AL PEREIRA VS. THE ALLIGATOR LADIES, one of the late Jess Franco’s last finished films gets an English-friendly DVD release courtesy of Spanish label Cameo.
Two somewhat familiar-looking naked ladies (SNAKEWOMAN’s Carmen Montes and PAULA-PAULA’s Paula Davis) are dancing in a hotel ballroom. Are they yet another variation on Franco’s “Red Lips” spy duo (from TWO UNDERCOVER ANGELS, KISS ME MONSTER, TWO SPIES IN FLOWERED PANTIES, and RED SILK)? Are they succubus Lorna and her daughter (SUCCUBUS, LORNA THE EXORCIST, INCUBUS)? A pair of “vampyros lesbos” (from, well… VAMPYROS LESBOS and VAMPIRE BLUES)? Prey for Morpho or Dr. Orlof’s other henchmen (AWFUL DR. ORLOF, SINSITER DR. ORLOF, DR. ORLOF’S MONSTER)? It turns out they are two of the daughter of Fu Manchu (from Franco’s THE CASTLE OF FU MANCHU and BLOOD OF FU MANCHU, and later lampooned in DR. WONG’S VIRTUAL HELL) and “Wo Man Chu” (Nestora Robles) – think about it – and they, along with their sister (Irene Verdú) are after hard-boiled detective Al Pereira (this time played by Franco regular Antonio Mayans). Fortunately, Pereira is after them too, and his only defenses are his machismo and his gun; which are pretty much the same thing when your enemy is using sex as a weapon (“I can see your alligators!”).

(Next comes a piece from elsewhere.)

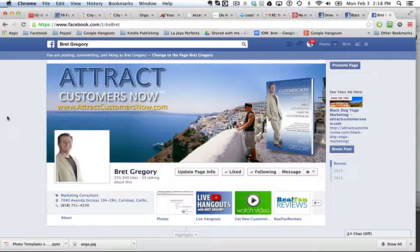Hey, it's Brett Gregory with a really cool tip and simple technique. If you've got a live event that you want to try and promote to your friends, this is a great, simple and inexpensive way to do it.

Technically not the late Jess Franco’s final film, but the last one he fully edited, AL PEREIRA VS. THE ALLIGATOR LADIES seems like a mess of a film, feeling more loosely structured than anything he’s done before (well, anything of his more widely available considering the handful of HD video productions that have not yet been seen outside Spain as yet). Mayans had played Franco’s recurring detective Al Pereira previously in five 1980s productions including LA NOCHE DE LOS SEXOS ABIERTOS, TWO SPIES IN FLOWERED PANTIES (aka PICK-UP GIRLS), and the jungle pic THE DIAMONDS OF KILIMANJARO, but the character had previously been essayed by Franco regulars Olivier Mathot (MIDNIGHT PARTY) and Howard Vernon (VIBRATING GIRLS), as well as earlier by “Lemmy Caution” himself Eddie Constantine (ATTACK OF THE ROBOTS) and AWFUL DR. ORLOF’s detective hero Conrado San Martin (AGENT 077), as well as Franco himself in DOWNTOWN (1975) while Lina Romay had played an “Alma Pereira” in PAULA-PAULA (2010).

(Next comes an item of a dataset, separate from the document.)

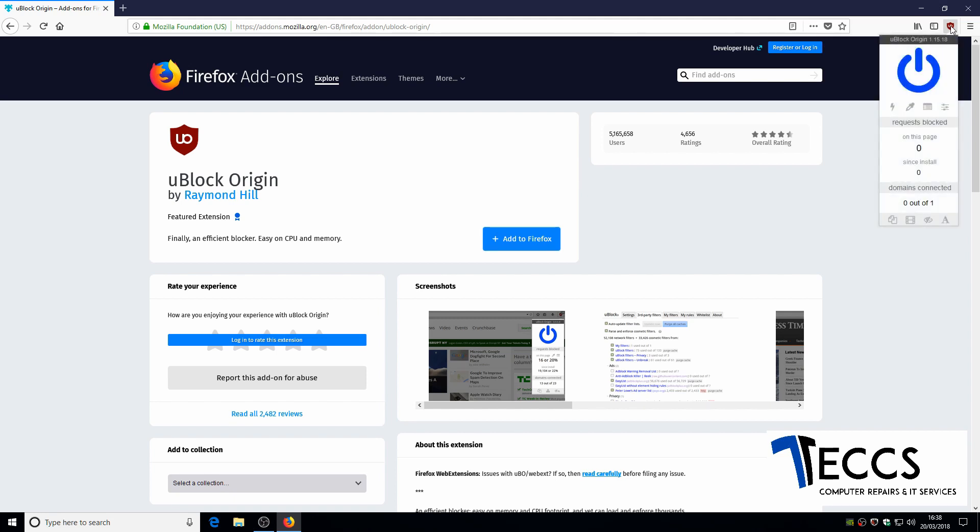On occasion you will have to stop uBlockOrigin from blocking pop ups on a website such as a bank login, etc.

Although the “Al Pereira” films were usually sexy spoofs of film noir and spy films, the current feature – with its serial-like title – is an episodic, even non-linear, string of encounters that may or may not be a pursuit (it’s difficult to tell if Pereira is tailing the Alligator Ladies or vice versa). Whenever he does catch up with them, he merely disapproves of their licentiousness while they ridicule his masculinity for his reluctance to be seduced by them. Is this conservative turn in Al’s behavior a remnant of Mayan’s previous role as a monk in SNAKEWOMAN which shares some of the same locations (as well as actress Montes); or is he just smart enough not to be taken in by them while egging them on for the audience’s gratification (and possibly his own) with his insults? It’s probably not healthy to overthink anything in this film, or even to expect Franco to explain it despite the fact that he places himself in the thick of it here as director.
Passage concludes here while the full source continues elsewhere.